▼▼▼

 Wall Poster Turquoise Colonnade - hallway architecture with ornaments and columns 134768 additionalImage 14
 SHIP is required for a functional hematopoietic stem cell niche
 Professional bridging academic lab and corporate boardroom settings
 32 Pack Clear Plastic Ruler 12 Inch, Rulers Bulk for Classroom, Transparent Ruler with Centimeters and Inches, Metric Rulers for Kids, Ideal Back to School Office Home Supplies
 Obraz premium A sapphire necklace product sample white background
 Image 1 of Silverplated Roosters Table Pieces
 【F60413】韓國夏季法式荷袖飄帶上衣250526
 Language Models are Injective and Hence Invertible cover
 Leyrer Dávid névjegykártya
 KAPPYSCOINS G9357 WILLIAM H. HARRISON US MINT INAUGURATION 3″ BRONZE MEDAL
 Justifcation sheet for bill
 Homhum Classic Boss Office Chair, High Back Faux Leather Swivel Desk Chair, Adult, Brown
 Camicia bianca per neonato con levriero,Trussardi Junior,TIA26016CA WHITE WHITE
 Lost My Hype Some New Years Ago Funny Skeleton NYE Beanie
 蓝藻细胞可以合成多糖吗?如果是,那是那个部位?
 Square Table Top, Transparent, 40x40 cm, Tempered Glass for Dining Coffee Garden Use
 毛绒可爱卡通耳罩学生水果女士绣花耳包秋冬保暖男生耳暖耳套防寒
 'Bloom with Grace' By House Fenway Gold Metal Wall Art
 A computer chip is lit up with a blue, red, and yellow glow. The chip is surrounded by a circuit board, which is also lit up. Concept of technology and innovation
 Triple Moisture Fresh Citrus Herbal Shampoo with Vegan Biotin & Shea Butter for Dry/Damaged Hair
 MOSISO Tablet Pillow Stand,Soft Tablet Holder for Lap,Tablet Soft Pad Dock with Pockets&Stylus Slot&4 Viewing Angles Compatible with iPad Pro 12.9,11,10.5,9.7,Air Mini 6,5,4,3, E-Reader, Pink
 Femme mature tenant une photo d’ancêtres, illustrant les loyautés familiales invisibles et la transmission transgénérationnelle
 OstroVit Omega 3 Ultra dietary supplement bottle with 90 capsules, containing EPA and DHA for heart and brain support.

▲▲▲

EXERCISE -
Write the records again exactly as they stand.

TASK ANSWER -
 Wall Poster Turquoise Colonnade - hallway architecture with ornaments and columns 134768 additionalImage 14
 SHIP is required for a functional hematopoietic stem cell niche
 Professional bridging academic lab and corporate boardroom settings
 32 Pack Clear Plastic Ruler 12 Inch, Rulers Bulk for Classroom, Transparent Ruler with Centimeters and Inches, Metric Rulers for Kids, Ideal Back to School Office Home Supplies
 Obraz premium A sapphire necklace product sample white background
 Image 1 of Silverplated Roosters Table Pieces
 【F60413】韓國夏季法式荷袖飄帶上衣250526
 Language Models are Injective and Hence Invertible cover
 Leyrer Dávid névjegykártya
 KAPPYSCOINS G9357 WILLIAM H. HARRISON US MINT INAUGURATION 3″ BRONZE MEDAL
 Justifcation sheet for bill
 Homhum Classic Boss Office Chair, High Back Faux Leather Swivel Desk Chair, Adult, Brown
 Camicia bianca per neonato con levriero,Trussardi Junior,TIA26016CA WHITE WHITE
 Lost My Hype Some New Years Ago Funny Skeleton NYE Beanie
 蓝藻细胞可以合成多糖吗?如果是,那是那个部位?
 Square Table Top, Transparent, 40x40 cm, Tempered Glass for Dining Coffee Garden Use
 毛绒可爱卡通耳罩学生水果女士绣花耳包秋冬保暖男生耳暖耳套防寒
 'Bloom with Grace' By House Fenway Gold Metal Wall Art
 A computer chip is lit up with a blue, red, and yellow glow. The chip is surrounded by a circuit board, which is also lit up. Concept of technology and innovation
 Triple Moisture Fresh Citrus Herbal Shampoo with Vegan Biotin & Shea Butter for Dry/Damaged Hair
 MOSISO Tablet Pillow Stand,Soft Tablet Holder for Lap,Tablet Soft Pad Dock with Pockets&Stylus Slot&4 Viewing Angles Compatible with iPad Pro 12.9,11,10.5,9.7,Air Mini 6,5,4,3, E-Reader, Pink
 Femme mature tenant une photo d’ancêtres, illustrant les loyautés familiales invisibles et la transmission transgénérationnelle
 OstroVit Omega 3 Ultra dietary supplement bottle with 90 capsules, containing EPA and DHA for heart and brain support.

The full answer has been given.